=== Data segment ===
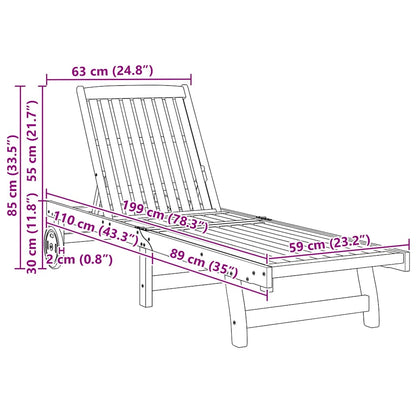 Stylish Solid Acacia Wood Sun Loungers 2-Piece Set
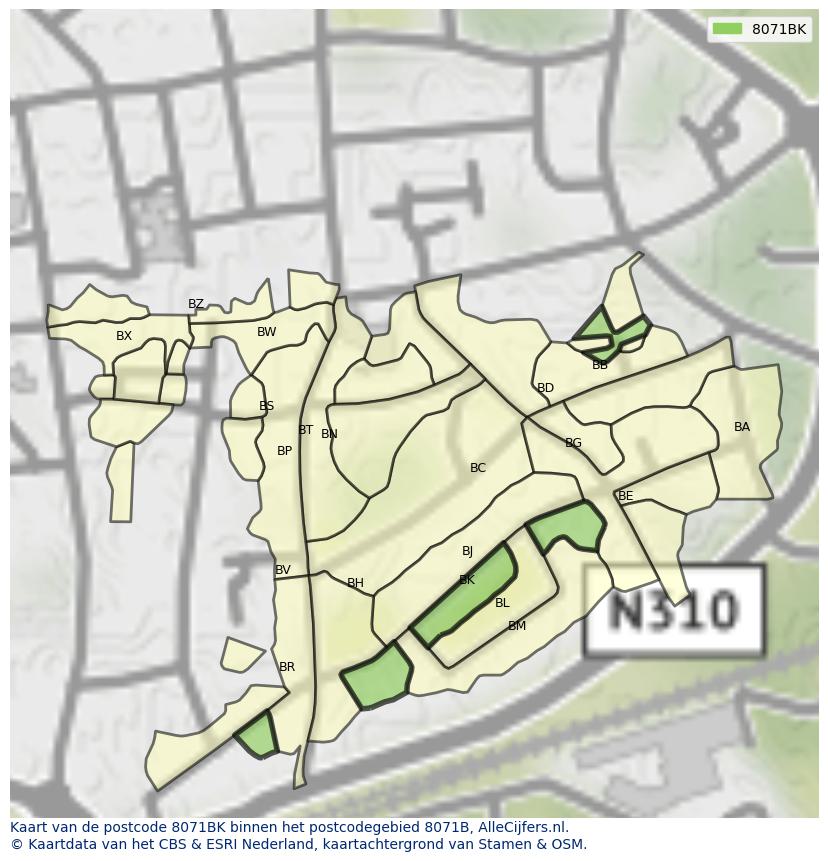 Afbeelding van het postcodegebied 8071 BK op de kaart.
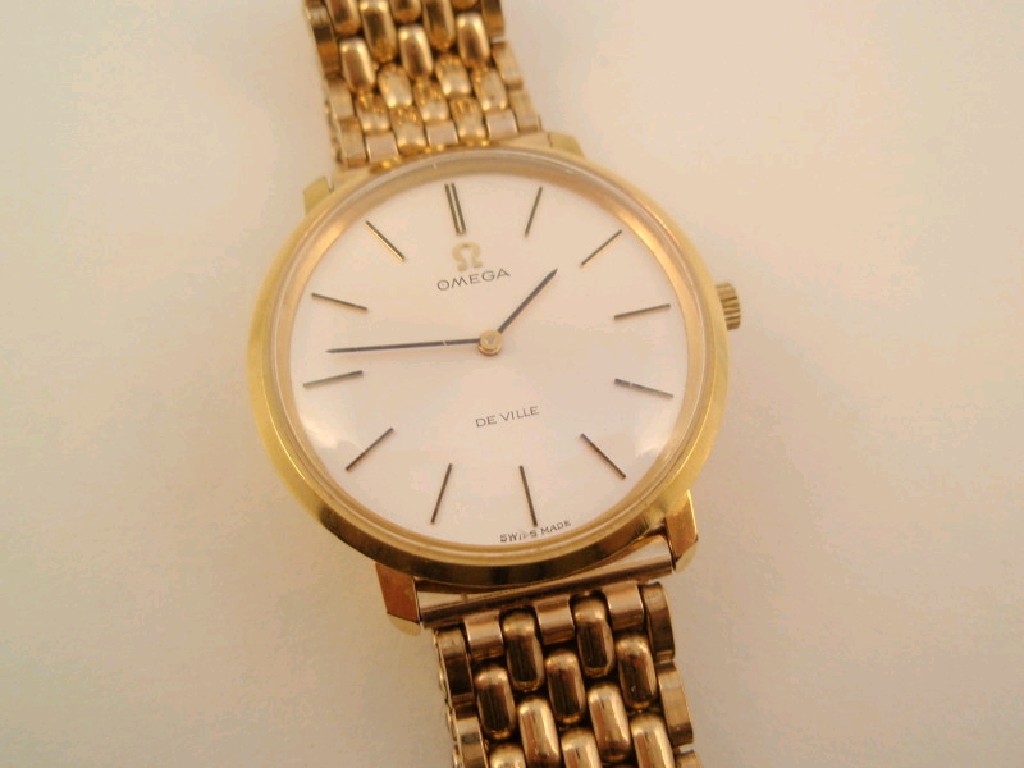 Appraisal: A gentleman's Omega De Ville gold plated wristwatch on unassociated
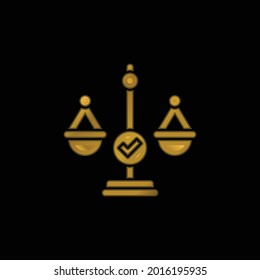 Icono metálico balanceado en oro o vector de logotipo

=== Problem description ===
Transcribe exactly the span of lines from the line holding "Appraisal: A gentleman's" through the last line above, both included. Pictures stay out.

=== Solution ===
 Appraisal: A gentleman's Omega De Ville gold plated wristwatch on unassociated
 Icono metálico balanceado en oro o vector de logotipo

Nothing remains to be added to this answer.